On nomma une commission d’enquête présidée par M. Brisson : on réclama l’autopsie du baron de Reinach, et, entre temps, on renversa le ministère, qui s’y attendait. Une nouvelle reconstitution du cabinet s’opéra le 5 décembre sous la présidence de M. Ribot[1].

C’est alors qu’intervint une révélation sensationnelle du Figaro. Il s’agissait d’une visite nocturne faite au docteur Cornélius Herz par MM. Rouvier, Clemenceau et le baron de Reinach, peu d’heures avant la mort de ce dernier. Le gros public entendait, pour la première fois, prononcer le nom de l’aventurier américain dont l’extraordinaire influence était connue depuis longtemps dans le monde politique sans qu’il fût possible d’en pénétrer les causes[2]. En ce qui concerne M. Rouvier, le fait était exact : il avait agi avec imprudence en s’employent, lui ministre des finances, à servir les intérêts de M. de Reinach ; mais son intervention s’était exercée utilement dans maintes circonstances analogues ; son rôle dans l’affaire du Comptoir d’escomple ou dans celle de la Société des dépôts et comptes courants lui avait valu les éloges des capitalistes, et la baisse que causa à la Bourse la nouvelle de sa retraite disait assez clairement la reconnaissance que ceux-ci lui

  1. MM. Brisson et Casimir-Périer avaient échoué dans la tâche de former un cabinet, M. Ribot conserva ses anciens collègues ; il se borna à remplacer MM. Ricard et Jules Roche par MM. Ch. Dupuy et Siegfried. M. Dupuy prit l’instruction publique ; son prédécesseur, M. Léon Bourgeois, eut les sceaux. M. Siegfried entra au commerce.

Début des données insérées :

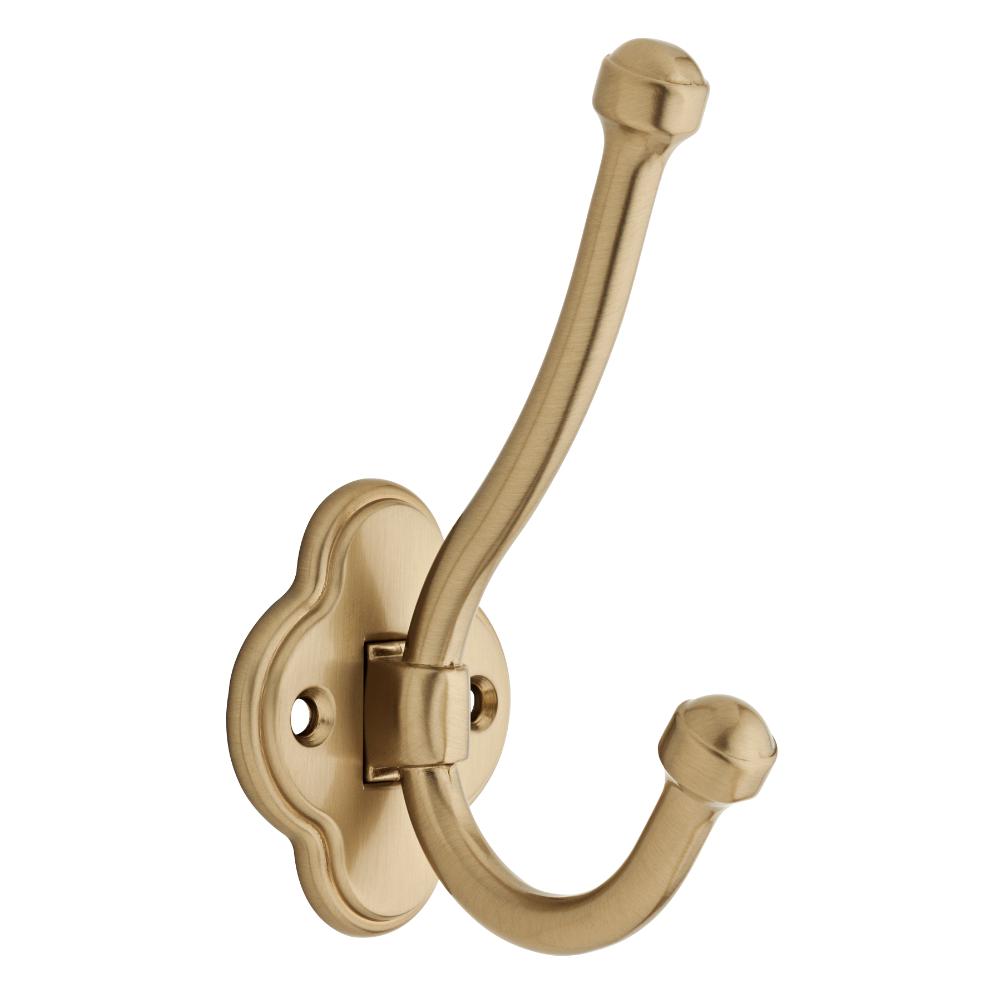 Liberty 2-1/4 in. Champagne Bronze Scroll Edge Hook-B11835C-CZ-C - The ...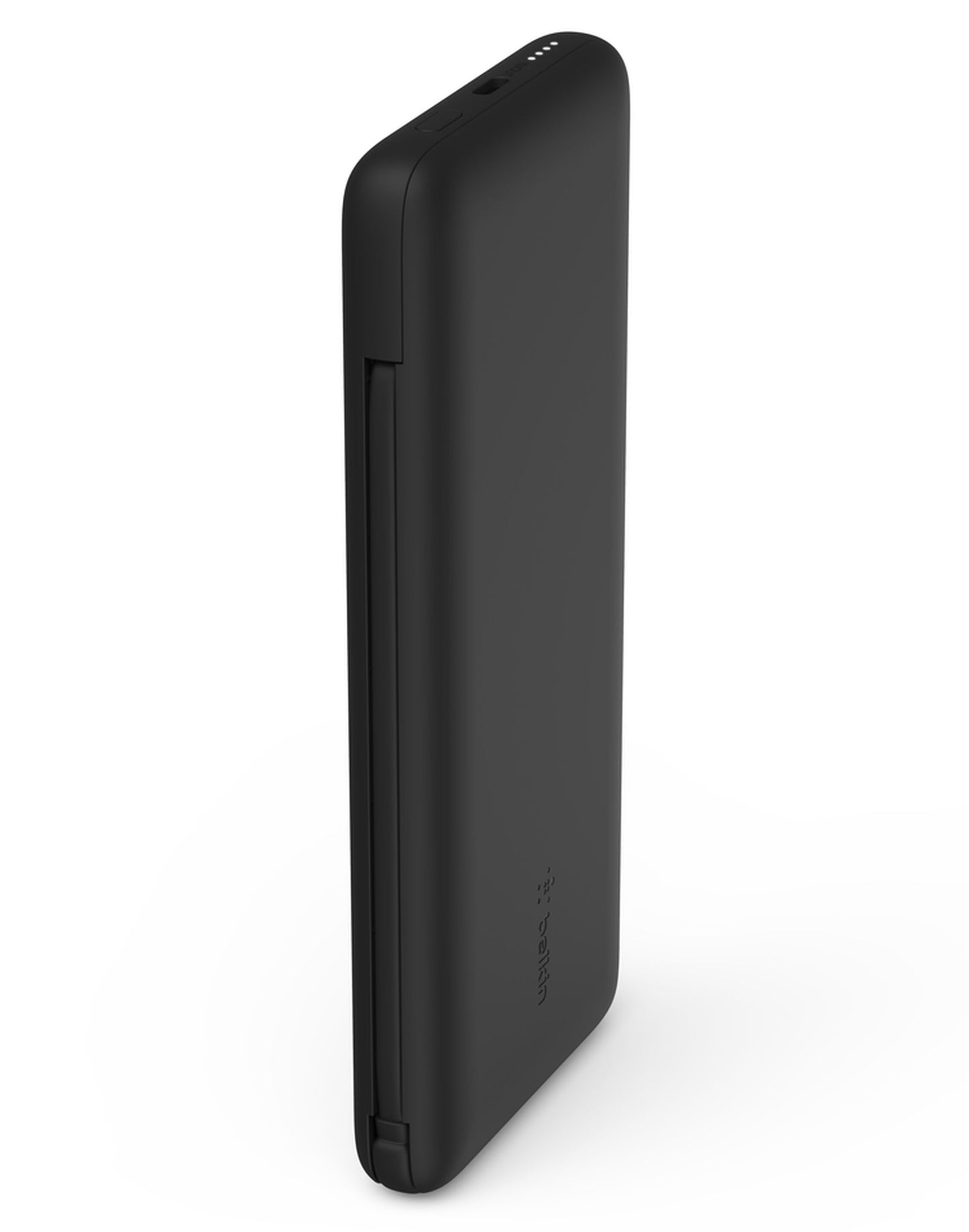 Bateria Externa Belkin BoostCharge Plus, 10000mAh, 23W, QC + PD, 1 x Lightning - 2 x USB-C, Preta BPB006btBLK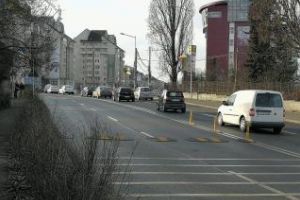 Cluj-Napoca: Limitatoare de viteză pe Calea Turzii - FOTO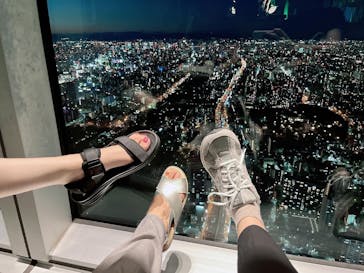 ハルカス300(展望台)に投稿された画像（2024/8/7）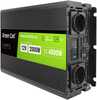 Autoinverter Green Cell PowerInverter LCD INVGC12P2000LCD, 12 V - 230 V, 2000 W/40000 W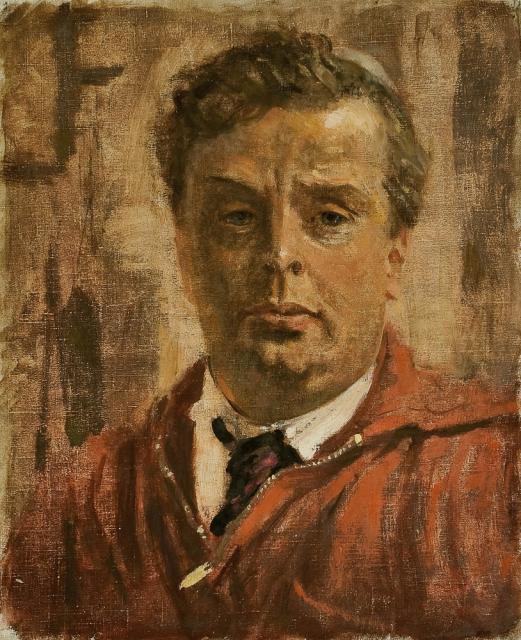 Самохвалов А.Н. Автопортрет. 1940-е Самохвалов А.Н. Автопортрет. 1940-е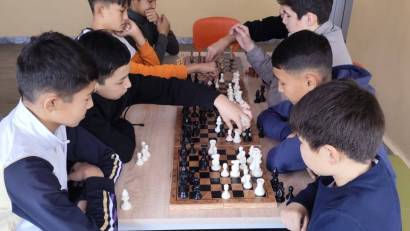Шахмат — адамның ой әлемін кеңейтетін, логика мен парасаттың тоғысқан мектебі.
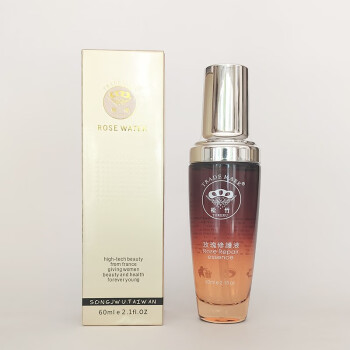 松竹脱丽露新品 台湾松竹玫瑰修复液60ml 补水保湿提亮肤色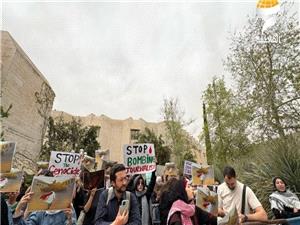 ضرب و جرح دانشجویان فلسطینی در دانشگاه قدس اشغالی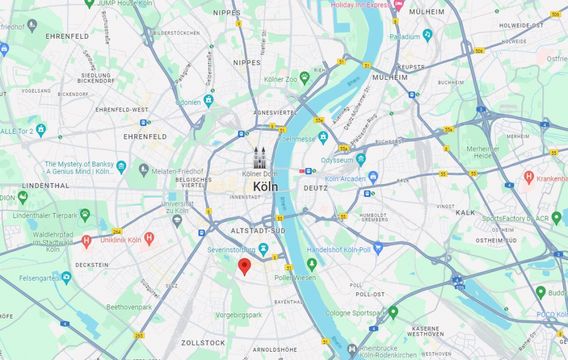 Земельный участок в Кёльн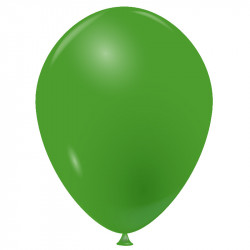 100 Ballons vert prairie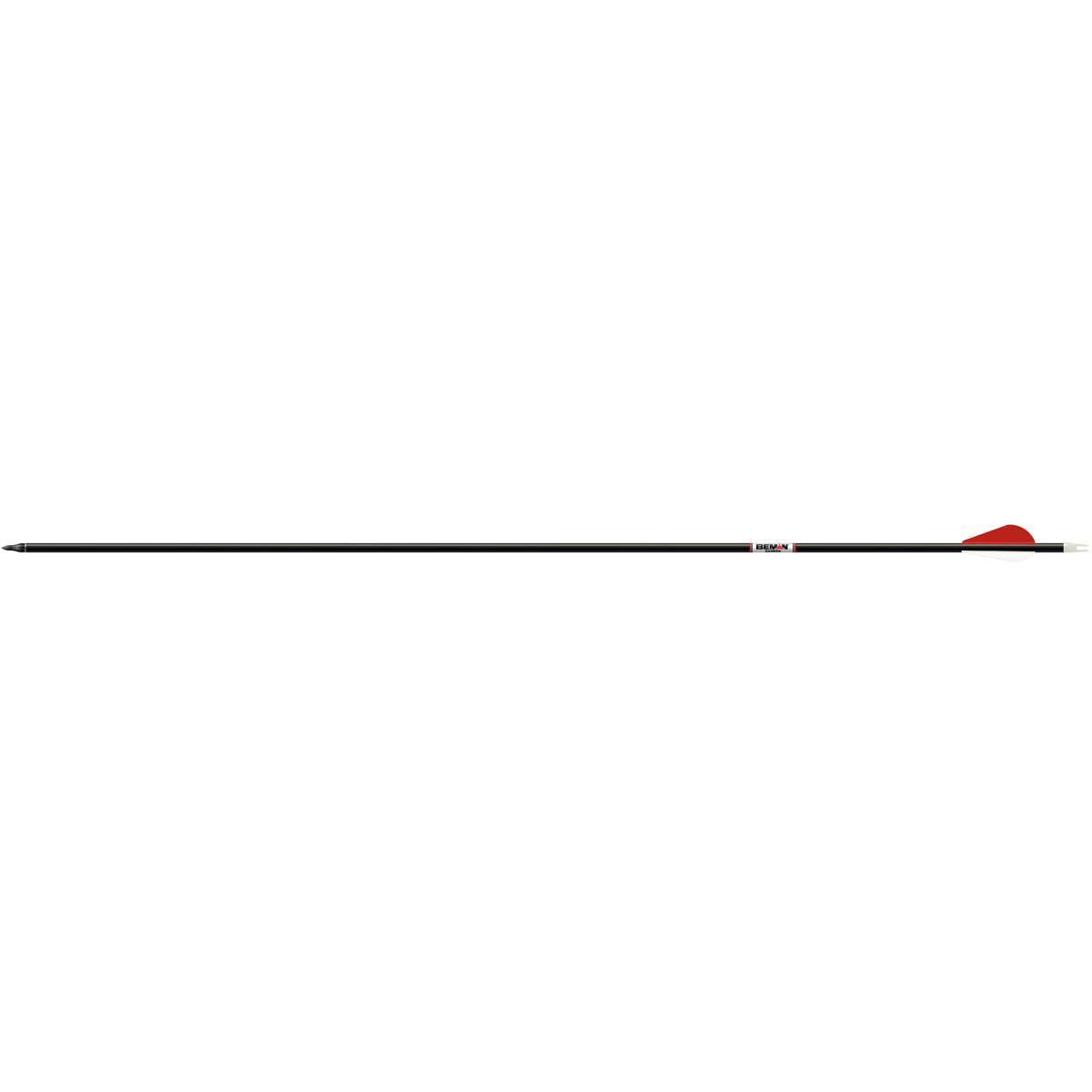 Beaman White Box 29.5" Arrows 4 Pack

  2. C’est ainsi que le docteur Herz avait été élevé en 1886 à la dignité de grand officier de la Légion d’honneur. M. de Freycinet, auquel on demanda compte de cette nomination, fut assez embarrassé de s’en expliquer. Le docteur Herz était le type du politicien américain véreux, type inconnu en Europe : la corruption était pour lui non seulement une arme, mais un sport. Il ne se contentait pas de s’en servir : il y prenait plaisir.